Like Prometheus, but for logs.

https://grafana.com/loki

GNU Affero General Public License v3.0

22.95k stars 3.34k forks source link

WAL corruption leads to endless restarts #12583

Open hervenicol opened 3 months ago

hervenicol commented 3 months ago

Describe the bug

loki-write pod is dying with this log:

msg="error running loki" err="corruption in segment /var/loki/tsdb-shipper-active/wal/s3_2024-01-02/1712203235/00000004 at 65536: last record is torn\nerror recovering from TSDB WAL"

and restarts indefinitely (crashlooping).

But at each restart it reads the WAL and updates object storage. On a big WAL this can cost a lot because all the data is sent to the object storage again and again.

To Reproduce

Steps to reproduce the behavior:

Running Loki 2.9.6
It happens once in a while on clusters that are a bit undersized and where pods tend to die OOM.
This does not happen consistently.

Expected behavior I can understand the WAL can get corrupted when the app unexpectedly crashes. But maybe when the WAL is corrupted it should discard it? So after it crashes once it can start properly, and not retry endlessly?

Environment:

Infrastructure: Kubernetes
Deployment tool: helm 5.47.2

DylanGuedes commented 3 months ago

But maybe when the WAL is corrupted it should discard it?

tbh I prefer the current behavior, as it at least gives you the chance of doing a backup of your corrupted WAL etc.

slim-bean commented 3 months ago

the corruption and restart loops are rough I don't think I like this behavior. It can make it hard to recover from an outage caused by being overwhelmed with data when multiple ingesters may be in this situation.

and in particular here the corruption comes from the last segment which failed because it hit the disk limit, so if we just truncated the WAL at whatever we could read that's really the best you can do anyway.

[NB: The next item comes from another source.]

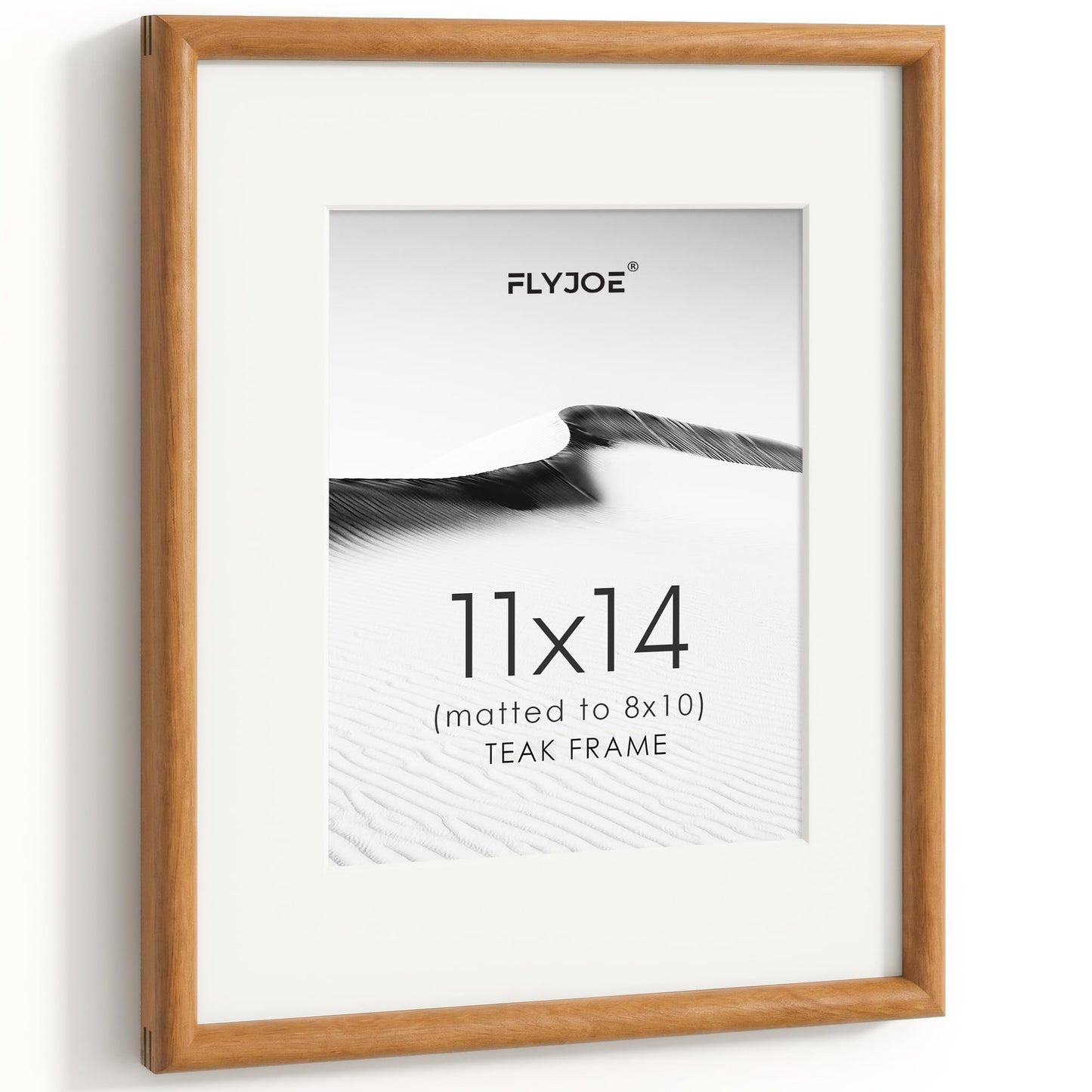 FLYJOE 11x14 Picture Frame, Natural Solid OAK Wood Photo Frame with HD Tempered Glass, Rounded Corner Frame 11 x 14 Matted to 8x10, Gallery Wall Frames for Art, Horizontal or Vertical Wall Mounting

I did look at the code paths here a little while ago and it wasn't a quick fix to change the behavior, but I do think I'd prefer that we handle this automatically.

interestingly we don't ever see this and after some discussions I've had with folks that do I think the difference is we have 100GB PVC and we typically only sent at most about 15MB/s to an ingester, so it becomes pretty hard to for us to run out of WAL disk before running out of memory.

jcdauchy-moodys commented 2 months ago

Would there be something to do in case this corruption happens, I hit this issue error running loki" err="corruption in segment /var/loki/tsdb-index/wal and the quick solution was to recreate the PVC empty (and loose some logs of course) ?

Thanks

Farisagianda commented 1 month ago

Getting the same on prod environment, any updates on this?

DanielCastronovo commented 1 month ago

Same here

t4ov commented 3 weeks ago

yep, same for us too.

LukoJy3D commented 2 weeks ago

Just had this as well, interestingly enough it was on a month-old segment that was about to be deleted by retention:

msg="error running loki" err="corruption in segment /var/loki/tsdb-shipper-active/wal/gcs_2024-06-01/1719931836/00000000 at 8255: unexpected checksum a7f03ba2

Or maybe it is corrupted on that PVC from earlier on as it scales up and down. I will check if that repeats. Either way, suggestions on how to handle it despite deleting the PVC would be appreciated :pray:

oskarm93 commented 1 week ago

Similar problem in Loki 3.1 on AKS disks. code-stdin-4UP.txt I have been deleted PVC and pod so far to recover but this is very cumbersome.